We decided that we needed a thorough way of detecting at run time that the game had been cracked. When we could reliably determine whether the game had been modified, we could stop the game anytime we found a discrepancy. We also needed a method that didn't require access to the disk. It should just check the code in memory, unlike the standard copy protection or our option of reloading the boot program. This would allow us to place the check anywhere in the game, making it much harder to remove.

So now we had a definite goal, an approach that should significantly improve the protection for YOTD.


Finding out if a block of data has changed in any way is actually pretty easy. Techniques have been used for error detection for years and are well documented. Just search for "checksum" on the Internet. For YOTD, we decided to use a CRC checksum: it's robust, simple, and fast.

The checksum was calculated bitwise rather than using tables, as tables would be an easy point for a cracker to attack. We took care to hide and protect the checksum values as well. If these could be found and altered easily, a cracker would simply replace the checksum with a new value that matched the cracked data, which is far easier than removing the code. For the same reason we didn't use functions to calculate checksums, we inlined the code as much as possible. If the code was in a function, it would only have to be removed once. The inline code would have to be removed as often as it was used.

We used a few slightly different implementations to stop simple pattern searches from being used to find the checksum code. To what degree this survived compiler optimization we don't know. To make our lives easier we made macros. These could be sprinkled around the code and mixed in with other tasks, which would make it much more difficult to spot where the checksum was being calculated.

Unfortunately, because checksums are designed to detect errors and not modification, they cannot offer full protection against modification. The checksum value for any block of data can be made to add up to any value by modifying the same number of bits that are used for the checksum. In other words, if the checksum is 16 bits, altering 16 bits in the data can make the checksum match any value.
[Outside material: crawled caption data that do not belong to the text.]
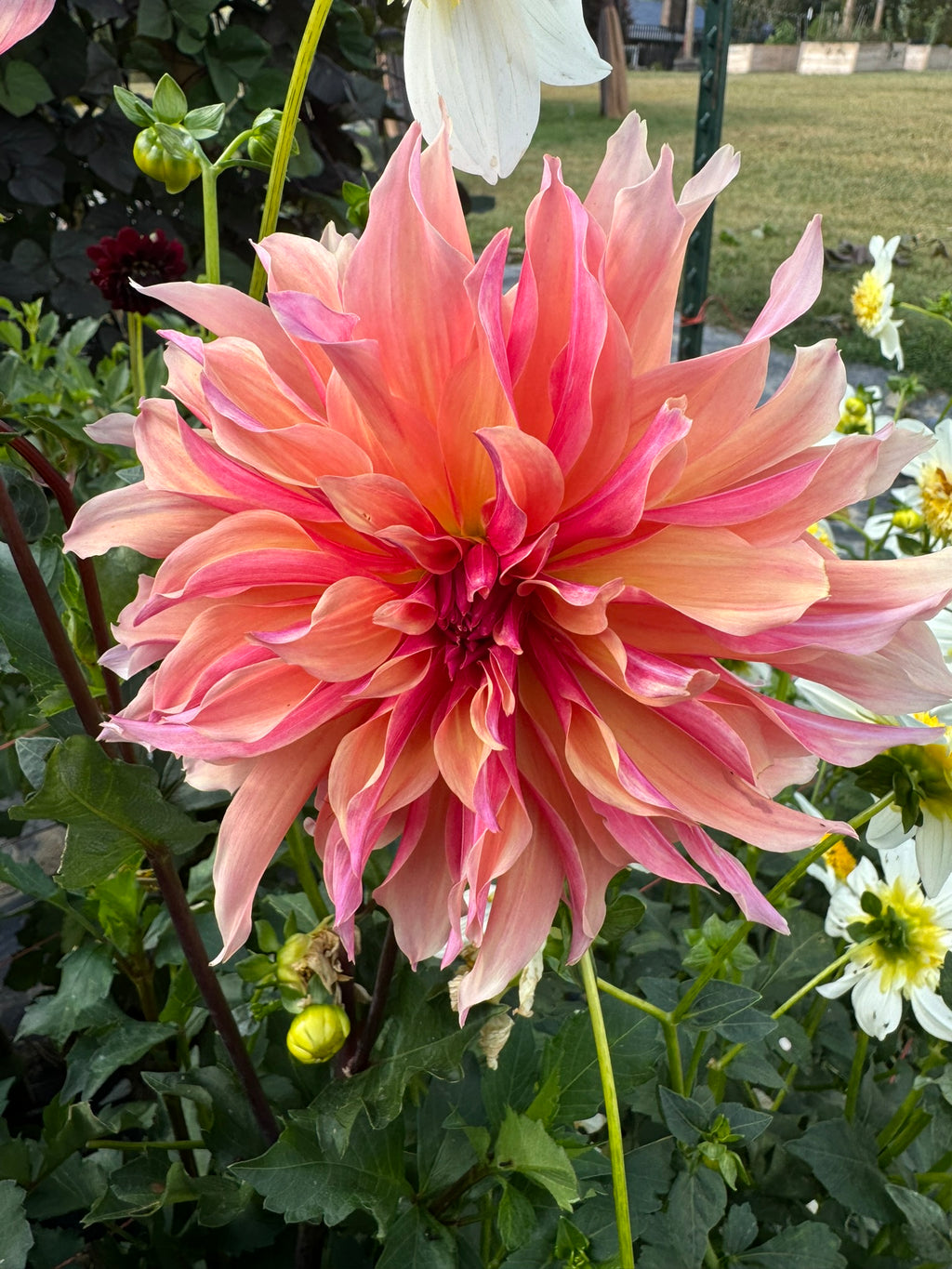 Labyrinth- Single Dahlia Tuber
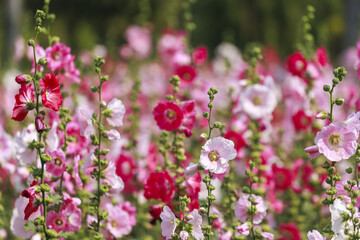Obraz premium Vibrant field of pink and red hollyhocks in full bloom, showcasing tall stems and lush petals under sunlight. scene captures essence of lively summer garden
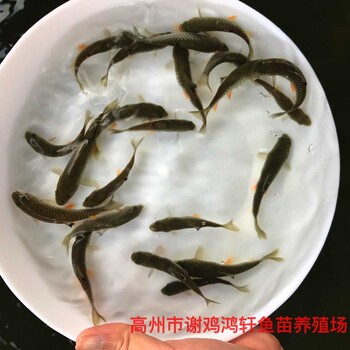 浙江温州青竹鲩鱼苗批发浙江舟山倒刺鲃苗出售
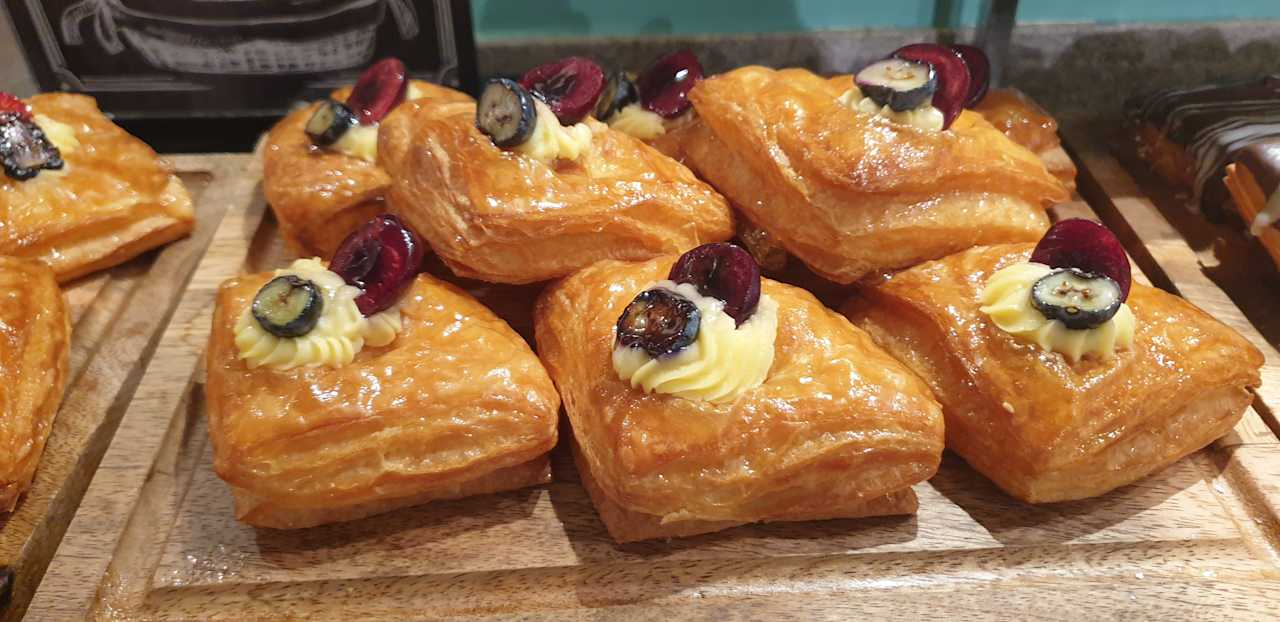 Gastro JAZ Elite Asteria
To deal with this, multiple checksums were applied to the same data. Each checksum used a different start offset into the data, and stepped through the data by different amounts. This meant that overlapping and interleaved sections of data were checksummed at different points, making it almost impossible to alter anything and still have all the checksums add up. I could have used different checksum algorithms for the same effect, but in this case I didn't have time to implement more than one method.

We used the fact that altering a small number of bits can give you any checksum value to our advantage. By inserting the correct value into the middle of the data, the checksum could be made to equal any predetermined value. This meant the checksum value could be hard-coded and therefore become part of the data being checksummed. This is bewildering to even think about, let alone try to crack.

Since the game used multiple code overlays (or DLLs), they cross-checked each other as much as possible. This further reduced the chance that any section could be altered without being spotted. If any overlay noticed a discrepancy, it altered data in the core such that no subsequent checksum would be valid. This meant that if an alteration was detected in one overlay, then other overlays loaded later would know about it. This made it difficult for the cracker to spot what actually triggered the protection, as I'll explain later.